[Source records]
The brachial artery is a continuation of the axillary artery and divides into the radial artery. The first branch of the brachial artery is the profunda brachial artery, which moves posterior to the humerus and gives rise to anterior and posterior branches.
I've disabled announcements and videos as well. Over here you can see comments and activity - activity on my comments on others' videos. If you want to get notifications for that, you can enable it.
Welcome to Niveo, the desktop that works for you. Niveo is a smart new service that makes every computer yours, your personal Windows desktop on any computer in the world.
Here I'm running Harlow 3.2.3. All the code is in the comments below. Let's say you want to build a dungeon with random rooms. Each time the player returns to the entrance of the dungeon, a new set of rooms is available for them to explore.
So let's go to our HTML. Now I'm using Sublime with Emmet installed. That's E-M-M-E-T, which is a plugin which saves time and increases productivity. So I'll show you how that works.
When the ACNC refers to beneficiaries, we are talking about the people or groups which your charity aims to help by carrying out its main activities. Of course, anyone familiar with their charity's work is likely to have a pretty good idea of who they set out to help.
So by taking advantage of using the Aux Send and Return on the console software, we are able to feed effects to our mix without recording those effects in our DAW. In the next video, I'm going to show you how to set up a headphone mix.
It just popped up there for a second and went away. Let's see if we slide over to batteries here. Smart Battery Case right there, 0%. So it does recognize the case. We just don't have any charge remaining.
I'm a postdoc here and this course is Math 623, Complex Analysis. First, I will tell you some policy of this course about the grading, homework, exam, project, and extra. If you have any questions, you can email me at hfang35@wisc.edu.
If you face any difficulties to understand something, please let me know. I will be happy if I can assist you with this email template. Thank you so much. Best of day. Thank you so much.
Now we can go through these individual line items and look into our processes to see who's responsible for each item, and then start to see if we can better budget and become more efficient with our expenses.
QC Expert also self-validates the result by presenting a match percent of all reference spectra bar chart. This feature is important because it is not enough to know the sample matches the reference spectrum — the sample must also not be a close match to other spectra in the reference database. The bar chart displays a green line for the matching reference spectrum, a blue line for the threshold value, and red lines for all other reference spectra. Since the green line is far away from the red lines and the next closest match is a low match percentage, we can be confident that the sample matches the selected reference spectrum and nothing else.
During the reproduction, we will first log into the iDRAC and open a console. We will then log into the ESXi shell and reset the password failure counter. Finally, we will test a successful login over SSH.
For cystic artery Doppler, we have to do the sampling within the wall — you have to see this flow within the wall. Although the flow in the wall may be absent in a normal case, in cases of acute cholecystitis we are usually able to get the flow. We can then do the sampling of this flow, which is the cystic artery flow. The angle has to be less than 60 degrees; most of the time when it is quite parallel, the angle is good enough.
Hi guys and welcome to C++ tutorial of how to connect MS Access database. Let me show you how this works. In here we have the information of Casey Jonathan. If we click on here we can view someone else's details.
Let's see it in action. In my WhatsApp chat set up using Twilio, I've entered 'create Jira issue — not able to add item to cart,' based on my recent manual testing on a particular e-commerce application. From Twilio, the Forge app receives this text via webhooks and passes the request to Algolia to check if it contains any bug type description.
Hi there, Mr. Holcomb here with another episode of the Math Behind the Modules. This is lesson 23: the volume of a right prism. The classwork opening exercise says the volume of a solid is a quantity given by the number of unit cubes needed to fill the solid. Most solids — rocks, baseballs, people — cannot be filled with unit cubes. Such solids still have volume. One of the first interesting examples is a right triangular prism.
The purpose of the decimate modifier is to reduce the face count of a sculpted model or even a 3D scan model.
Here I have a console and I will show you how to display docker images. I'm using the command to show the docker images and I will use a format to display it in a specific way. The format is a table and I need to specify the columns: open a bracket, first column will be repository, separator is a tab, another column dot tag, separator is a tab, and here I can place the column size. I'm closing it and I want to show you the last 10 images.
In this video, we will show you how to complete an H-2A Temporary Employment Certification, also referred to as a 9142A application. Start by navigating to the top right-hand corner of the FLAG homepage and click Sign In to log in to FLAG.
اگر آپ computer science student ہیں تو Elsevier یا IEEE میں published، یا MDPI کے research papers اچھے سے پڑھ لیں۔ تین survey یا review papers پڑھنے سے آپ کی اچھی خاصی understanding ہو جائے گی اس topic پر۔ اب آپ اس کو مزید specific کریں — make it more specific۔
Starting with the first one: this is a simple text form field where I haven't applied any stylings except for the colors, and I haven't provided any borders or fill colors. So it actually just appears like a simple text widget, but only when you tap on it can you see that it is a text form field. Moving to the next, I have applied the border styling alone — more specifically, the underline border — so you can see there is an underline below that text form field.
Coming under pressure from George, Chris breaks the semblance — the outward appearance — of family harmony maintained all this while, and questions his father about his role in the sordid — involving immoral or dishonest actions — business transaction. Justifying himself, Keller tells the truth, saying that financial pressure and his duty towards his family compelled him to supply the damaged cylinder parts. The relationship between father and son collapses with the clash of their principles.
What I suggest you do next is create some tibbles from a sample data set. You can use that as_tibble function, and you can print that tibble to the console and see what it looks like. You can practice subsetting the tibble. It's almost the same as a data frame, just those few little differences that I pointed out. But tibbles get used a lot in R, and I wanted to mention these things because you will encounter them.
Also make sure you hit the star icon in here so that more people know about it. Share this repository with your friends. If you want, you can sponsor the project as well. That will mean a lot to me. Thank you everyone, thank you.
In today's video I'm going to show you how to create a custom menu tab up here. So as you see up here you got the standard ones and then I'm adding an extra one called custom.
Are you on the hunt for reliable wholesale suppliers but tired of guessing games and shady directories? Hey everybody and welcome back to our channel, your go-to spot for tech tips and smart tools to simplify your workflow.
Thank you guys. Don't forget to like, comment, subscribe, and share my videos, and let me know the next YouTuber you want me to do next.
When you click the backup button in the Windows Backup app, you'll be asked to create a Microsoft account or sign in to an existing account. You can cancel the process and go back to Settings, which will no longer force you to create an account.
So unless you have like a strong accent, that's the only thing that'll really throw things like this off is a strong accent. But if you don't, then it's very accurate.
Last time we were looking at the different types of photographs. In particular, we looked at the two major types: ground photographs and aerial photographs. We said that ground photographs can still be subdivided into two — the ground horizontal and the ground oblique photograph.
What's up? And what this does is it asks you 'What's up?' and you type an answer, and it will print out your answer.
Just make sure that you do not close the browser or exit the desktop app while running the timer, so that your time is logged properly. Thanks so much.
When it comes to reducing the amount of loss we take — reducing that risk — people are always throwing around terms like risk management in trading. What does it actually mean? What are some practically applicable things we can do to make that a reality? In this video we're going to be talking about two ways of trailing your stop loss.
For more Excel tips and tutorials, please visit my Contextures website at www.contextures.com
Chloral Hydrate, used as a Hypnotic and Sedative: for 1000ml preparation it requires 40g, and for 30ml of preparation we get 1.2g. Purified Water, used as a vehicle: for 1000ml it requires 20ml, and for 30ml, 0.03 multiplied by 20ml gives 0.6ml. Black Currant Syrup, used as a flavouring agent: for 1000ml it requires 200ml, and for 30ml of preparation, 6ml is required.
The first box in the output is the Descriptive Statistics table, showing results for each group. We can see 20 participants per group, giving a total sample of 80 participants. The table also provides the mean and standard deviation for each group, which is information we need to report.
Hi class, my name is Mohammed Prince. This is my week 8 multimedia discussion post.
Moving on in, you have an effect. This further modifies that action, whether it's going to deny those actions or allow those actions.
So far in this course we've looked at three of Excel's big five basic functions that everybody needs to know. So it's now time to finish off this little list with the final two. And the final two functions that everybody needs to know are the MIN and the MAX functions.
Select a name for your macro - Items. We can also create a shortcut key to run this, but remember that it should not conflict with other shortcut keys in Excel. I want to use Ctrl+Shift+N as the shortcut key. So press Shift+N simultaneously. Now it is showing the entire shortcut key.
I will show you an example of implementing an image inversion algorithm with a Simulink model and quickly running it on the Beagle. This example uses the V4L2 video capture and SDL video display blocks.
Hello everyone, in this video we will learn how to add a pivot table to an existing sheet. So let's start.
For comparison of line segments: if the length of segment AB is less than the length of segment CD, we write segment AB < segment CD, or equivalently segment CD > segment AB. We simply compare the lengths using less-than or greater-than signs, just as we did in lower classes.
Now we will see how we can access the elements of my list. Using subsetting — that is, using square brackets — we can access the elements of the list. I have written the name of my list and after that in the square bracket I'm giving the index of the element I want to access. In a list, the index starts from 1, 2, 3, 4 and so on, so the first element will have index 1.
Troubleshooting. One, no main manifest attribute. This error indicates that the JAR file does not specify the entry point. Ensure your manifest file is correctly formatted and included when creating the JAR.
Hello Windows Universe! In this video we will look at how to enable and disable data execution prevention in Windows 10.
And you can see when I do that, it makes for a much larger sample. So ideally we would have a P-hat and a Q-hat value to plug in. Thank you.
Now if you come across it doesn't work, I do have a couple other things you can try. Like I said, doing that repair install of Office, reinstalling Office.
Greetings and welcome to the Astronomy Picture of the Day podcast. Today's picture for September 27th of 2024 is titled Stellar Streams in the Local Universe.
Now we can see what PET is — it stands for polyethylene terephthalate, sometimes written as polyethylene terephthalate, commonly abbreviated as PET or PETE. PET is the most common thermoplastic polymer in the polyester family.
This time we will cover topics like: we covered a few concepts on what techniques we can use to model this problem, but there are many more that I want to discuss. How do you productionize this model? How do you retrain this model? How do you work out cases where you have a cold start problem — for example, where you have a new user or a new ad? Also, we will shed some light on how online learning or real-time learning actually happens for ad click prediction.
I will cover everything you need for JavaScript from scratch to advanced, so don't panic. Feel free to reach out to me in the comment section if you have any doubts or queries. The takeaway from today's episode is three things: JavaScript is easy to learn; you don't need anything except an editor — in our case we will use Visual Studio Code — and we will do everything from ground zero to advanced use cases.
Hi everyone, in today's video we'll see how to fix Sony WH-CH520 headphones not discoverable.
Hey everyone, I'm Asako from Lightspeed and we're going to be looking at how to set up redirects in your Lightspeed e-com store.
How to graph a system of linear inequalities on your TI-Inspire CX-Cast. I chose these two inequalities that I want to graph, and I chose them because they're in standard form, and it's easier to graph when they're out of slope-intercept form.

PROBLEM DESCRIPTION:
Would you print exactly the lines from the first line of the entries above through the line that has "So let's go", both included, and stop there?

YOUR SOLUTION:
The brachial artery is a continuation of the axillary artery and divides into the radial artery. The first branch of the brachial artery is the profunda brachial artery, which moves posterior to the humerus and gives rise to anterior and posterior branches.
I've disabled announcements and videos as well. Over here you can see comments and activity - activity on my comments on others' videos. If you want to get notifications for that, you can enable it.
Welcome to Niveo, the desktop that works for you. Niveo is a smart new service that makes every computer yours, your personal Windows desktop on any computer in the world.
Here I'm running Harlow 3.2.3. All the code is in the comments below. Let's say you want to build a dungeon with random rooms. Each time the player returns to the entrance of the dungeon, a new set of rooms is available for them to explore.
So let's go to our HTML. Now I'm using Sublime with Emmet installed. That's E-M-M-E-T, which is a plugin which saves time and increases productivity. So I'll show you how that works.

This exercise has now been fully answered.